# Item 32: Consider Generator Expressions for Large List Comprehensions

The problem with list comprehensions is that may create new `list` instances containing one item for each value in input sequences. This is fine for small inputs, but for large inputs, this behavior could consume significant amounts of memory and cause a program to crash.

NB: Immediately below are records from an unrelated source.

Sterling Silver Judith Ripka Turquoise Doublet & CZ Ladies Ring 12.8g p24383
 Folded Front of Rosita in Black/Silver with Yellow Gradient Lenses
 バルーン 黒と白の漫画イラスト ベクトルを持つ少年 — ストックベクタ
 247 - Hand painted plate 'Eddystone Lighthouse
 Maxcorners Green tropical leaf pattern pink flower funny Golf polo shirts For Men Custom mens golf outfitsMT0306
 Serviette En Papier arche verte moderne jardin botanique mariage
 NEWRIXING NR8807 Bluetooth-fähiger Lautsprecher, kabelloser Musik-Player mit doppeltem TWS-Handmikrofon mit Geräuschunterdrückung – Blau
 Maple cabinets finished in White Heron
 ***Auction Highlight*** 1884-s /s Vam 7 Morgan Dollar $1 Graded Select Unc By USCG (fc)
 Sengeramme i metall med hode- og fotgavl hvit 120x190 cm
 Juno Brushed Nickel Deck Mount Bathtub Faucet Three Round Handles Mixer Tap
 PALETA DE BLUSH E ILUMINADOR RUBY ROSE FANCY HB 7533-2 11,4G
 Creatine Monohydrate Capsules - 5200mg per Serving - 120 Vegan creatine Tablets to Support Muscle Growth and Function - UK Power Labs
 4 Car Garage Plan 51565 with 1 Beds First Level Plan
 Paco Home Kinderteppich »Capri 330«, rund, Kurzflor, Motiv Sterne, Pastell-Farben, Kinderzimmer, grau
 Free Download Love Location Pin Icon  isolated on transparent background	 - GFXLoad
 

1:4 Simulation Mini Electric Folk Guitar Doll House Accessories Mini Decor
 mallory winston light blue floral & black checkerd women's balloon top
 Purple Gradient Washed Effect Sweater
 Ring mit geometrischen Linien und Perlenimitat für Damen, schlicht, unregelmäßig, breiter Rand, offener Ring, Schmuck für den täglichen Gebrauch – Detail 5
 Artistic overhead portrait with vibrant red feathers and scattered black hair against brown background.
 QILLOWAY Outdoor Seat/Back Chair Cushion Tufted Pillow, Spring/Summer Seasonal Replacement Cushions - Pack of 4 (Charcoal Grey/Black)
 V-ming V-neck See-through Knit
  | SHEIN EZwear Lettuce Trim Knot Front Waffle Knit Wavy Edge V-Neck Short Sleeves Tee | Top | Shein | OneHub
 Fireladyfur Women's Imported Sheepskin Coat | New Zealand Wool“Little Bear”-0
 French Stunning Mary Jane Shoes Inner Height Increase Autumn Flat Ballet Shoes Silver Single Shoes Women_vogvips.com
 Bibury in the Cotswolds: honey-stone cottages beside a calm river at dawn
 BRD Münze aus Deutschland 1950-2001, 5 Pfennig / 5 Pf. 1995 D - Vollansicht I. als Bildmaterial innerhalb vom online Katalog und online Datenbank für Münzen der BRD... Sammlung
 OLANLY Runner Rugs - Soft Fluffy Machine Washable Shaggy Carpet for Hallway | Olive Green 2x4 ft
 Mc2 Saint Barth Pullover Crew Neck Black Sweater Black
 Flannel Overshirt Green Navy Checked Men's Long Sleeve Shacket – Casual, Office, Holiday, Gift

Say, for example, that we want to read from a file and return the number of characters on each line. Doing this with a list comprehension would require holding the length of every line of the file in memory. If the file is enormous, or perhaps a never-ending network socket, usig list comprehensions would be problematic. 

In [1]:
# Here we use a list comprehension in a way that can only handle small input values
value = [len(x) for x in open('my_file.txt')]
print(value)

[85, 31, 31, 2, 87, 3, 86, 59, 59, 142]


To solve this issue, Python providses *generator expressions*, which are a generalization of list comprehensions and generators. Generator expressions don't materialize the whole output sequence when they're run. Instead, generator expressions evaluate to an iterator that yields one item at a time from the expression

You create a generator expression by putting list-comprehension-like syntax between `()` characters.

In [4]:
# Here we use a generator expression that is equivalent to the code above. The only thing to note here is that
# generator expressions immediately evaluate to iterators and do not make forward progress
it = (len(x) for x in open('my_file.txt'))
print(it)

<generator object <genexpr> at 0x7ff4b03f1510>


In [5]:
# The returned iterator can be advanced one step at time to produce the next output from the generator expression,
# as needed (using the next built-in function). We can consume as much as we want from the generator without risking
# a blowup in memory usage
print(next(it))
print(next(it))
print(next(it))

85
31
31


Another powerful outcome of generator expressions is that they can be composed together.

In [6]:
# Here, we take the iterator returned by the generator expression above and use it as the input for another generator
# expression
roots = ((x, x**0.5) for x in it)

In [7]:
# Each time we advance the iterator, it also advances the interior iterator, creating a domino effect of looping, 
# evaluating conditional expressions, and passing around inputs and outputs, all while being as memory efficient
# as possible
print(next(roots))
print(next(roots))
print(next(roots))

(2, 1.4142135623730951)
(87, 9.327379053088816)
(3, 1.7320508075688772)


Chaining generator together like this, executes very quickly in Python. When we're looking for a way to compose that's on a large stream of input, generator expressions are a great choice. The only gotcha is that iterators returned by generator expressions are stateful, so we must be carefl not to use these iterators more than once.